Die Berufe in Sieben Linden sind vielfältig. Einige arbeiten im Dorf, betreuen Küche und Garten oder schaukeln den Seminarbetrieb, andere gründeten Kleinunternehmen und wieder andere arbeiten als Ärztinnen oder Pädagoginnen in den Dörfern der Umgebung. Die Allerkleinsten verbringen die Vormittage bei jedem Wetter im Waldkindergarten, die Grundschülerinnen gehen in die „Freie Schule Altmark“ die Größeren ins Gymnasium im sechs Kilometer entfernten Beetzendorf.
Die Nacht im Ökodorf
Es ist dunkel geworden, als ich die „Transzendier-Bar“ wieder verlasse. Zweimal die Woche ist sie geöffnet und ich treffe bekannte Gesichter: Felix, der leidenschaftliche Gärtner, der nach seinem Freiwilligen Ökologischen Jahr (FÖJ) in Sieben Linden seine Lehre absolviert und Guizy, der jetzt hinterm Tresen steht und Getränke ausschenkt. Die Zeit ist schnell vergangen beim gemeinsamen Tischfußballspielen und ausgelassenen Tanzen auf dem schönen Parkett. Als ich den Pfad Richtung Bauwagen einschlage sehe ich nichts. Im Stockdunklen tappe ich zurück zum Martinelly. Wo ist bloß der kleine Steinbuddha, der mir tagsüber immer den richtigen Weg wies?

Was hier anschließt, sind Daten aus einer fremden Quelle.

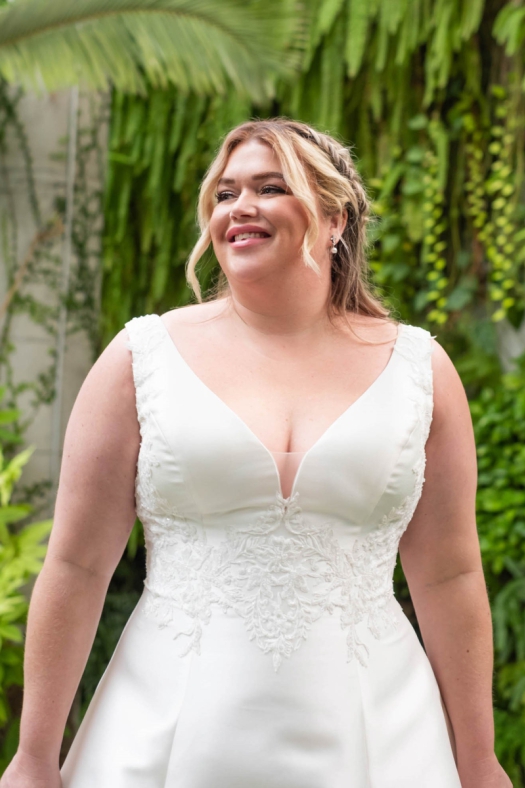 CURVY BRIDAL STAR JISKA 1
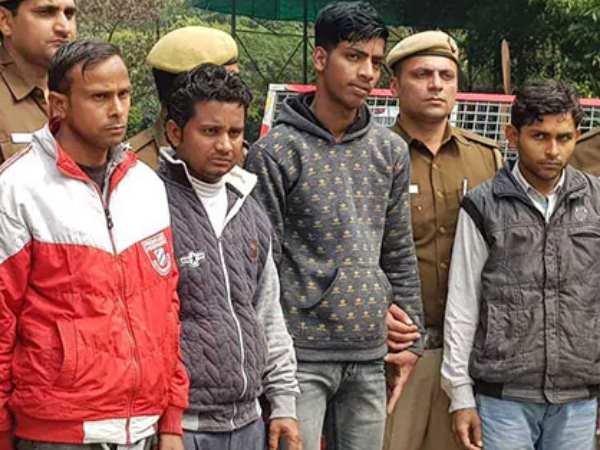 बदमाश को फंसाने के लिए रची साजिश बदमाश को फंसाने के लिए रची साजिश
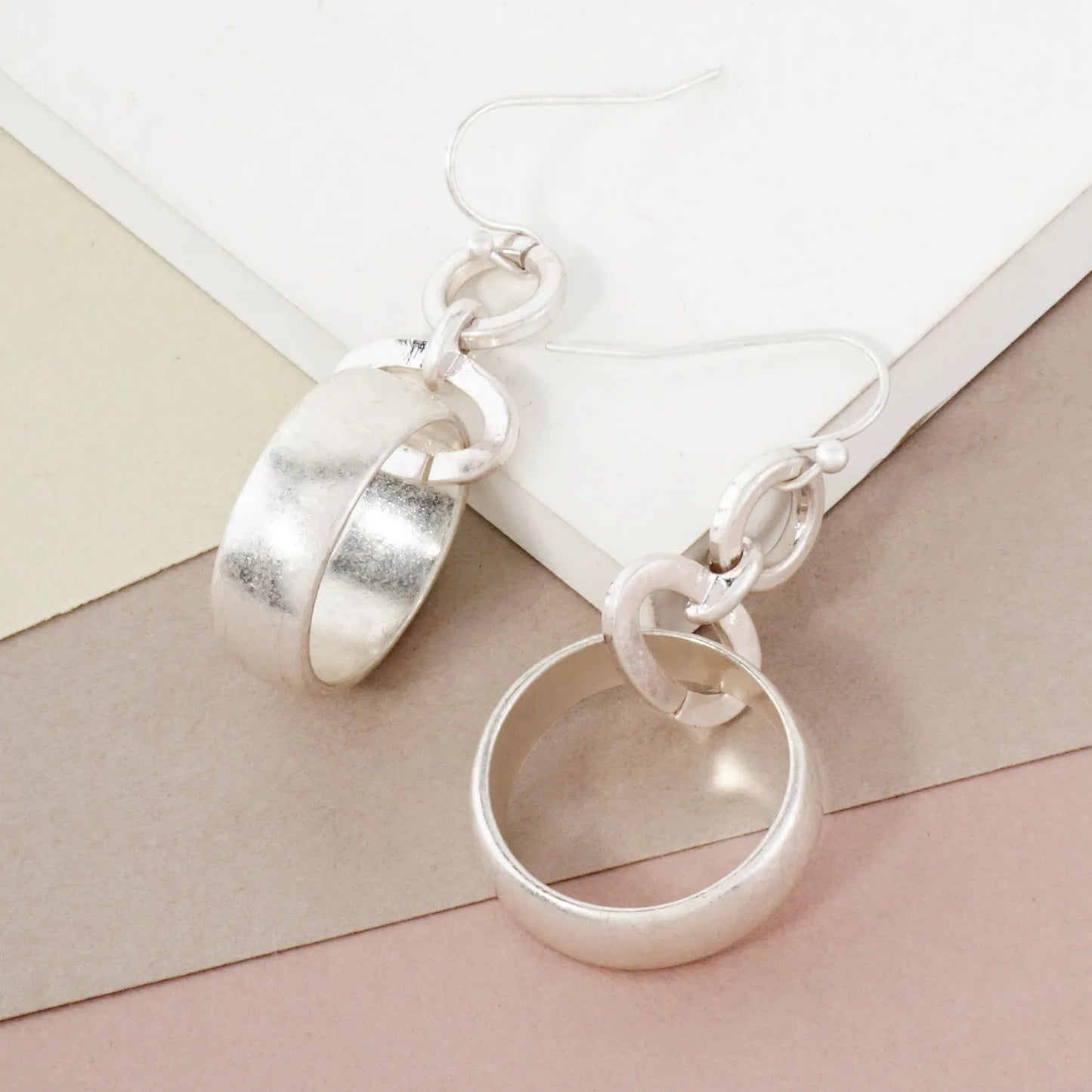 Metal Sleek Linked Circle Drop Earrings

Meine Augen gewöhnen sich an die Dunkelheit und intuitiv finde ich den Weg zurück. Die Stille der Nacht ist betörend und wohltuend. Außer ein paar Grillen und aufgeschreckten Vögeln, meinen Schritten am Boden und der knarrenden Türe des Bauwagens höre ich nichts. Von meinem Nachtlager aus blicke ich durchs Fenster in die Sterne, die zahllos über mir funkeln. So tief und erholsam habe ich schon lange nicht mehr geschlafen wie hier in Sieben Linden.